• **Entries supplied**
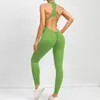 Ensembles actifs combinaison sportive femme vêtements de Sport Lycra entraînement femmes Push Up ensemble de gymnastique tenue de Sport salopette de Fitness fermeture éclair rose rouge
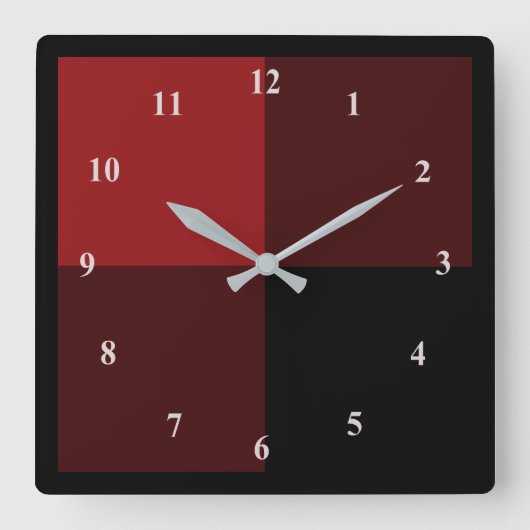 Zwart-rood geplakt - vierkante klok (Voorkant)
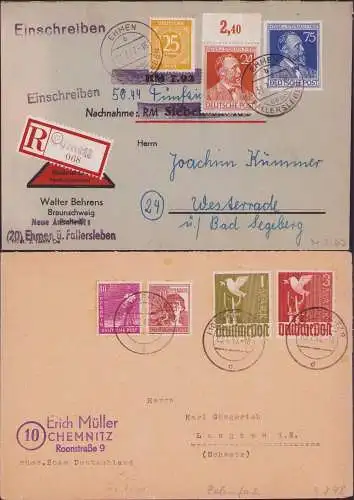 B-16621 2x Brief Alliierte Besetzung R-Brief Elmen Westerade 1948 + SBZ Zehnfach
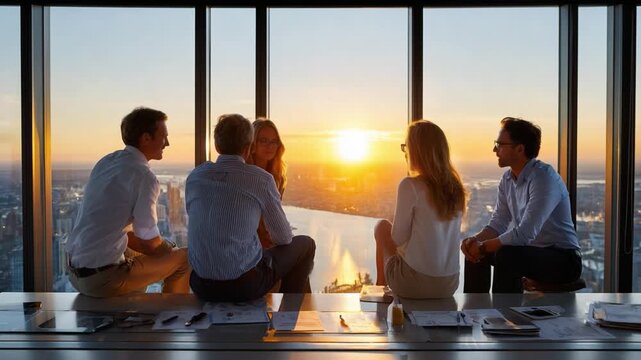 Skyline Sunset Harmony: A group of professionals gathers by panoramic windows, enveloped in the warm hues of a setting sun, fostering a moment of connection and contemplation. 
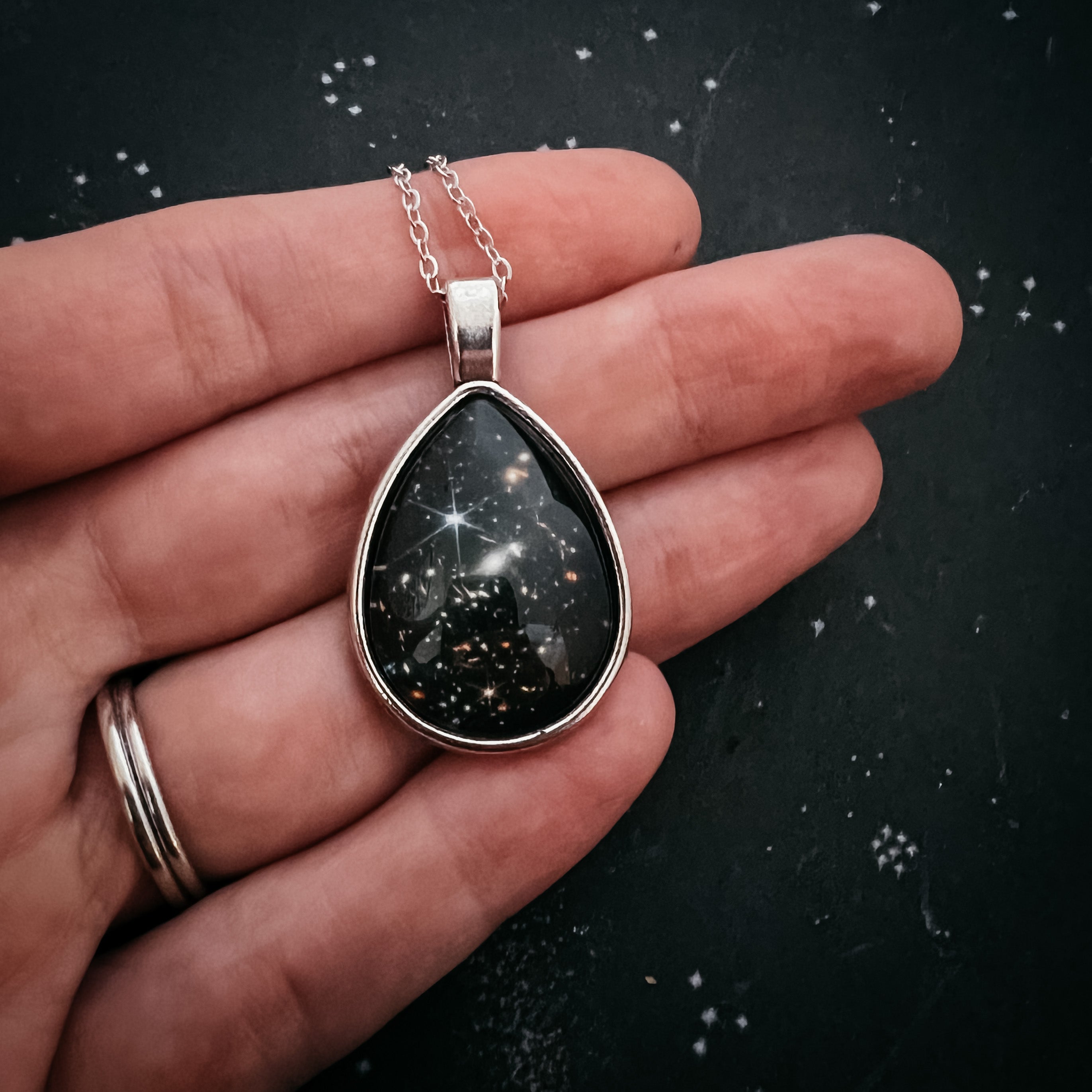 JWST Deep Field Drops in Cosmic Ocean Teardrop Necklace-5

• **Activity**
Go to the line containing "B-16621 2x Brief", then write out word for word every line from there to the end of the listing. Keep both end lines and drop the pictures.

• **Result of this exercise**
 B-16621 2x Brief Alliierte Besetzung R-Brief Elmen Westerade 1948 + SBZ Zehnfach
 Skyline Sunset Harmony: A group of professionals gathers by panoramic windows, enveloped in the warm hues of a setting sun, fostering a moment of connection and contemplation. 
 JWST Deep Field Drops in Cosmic Ocean Teardrop Necklace-5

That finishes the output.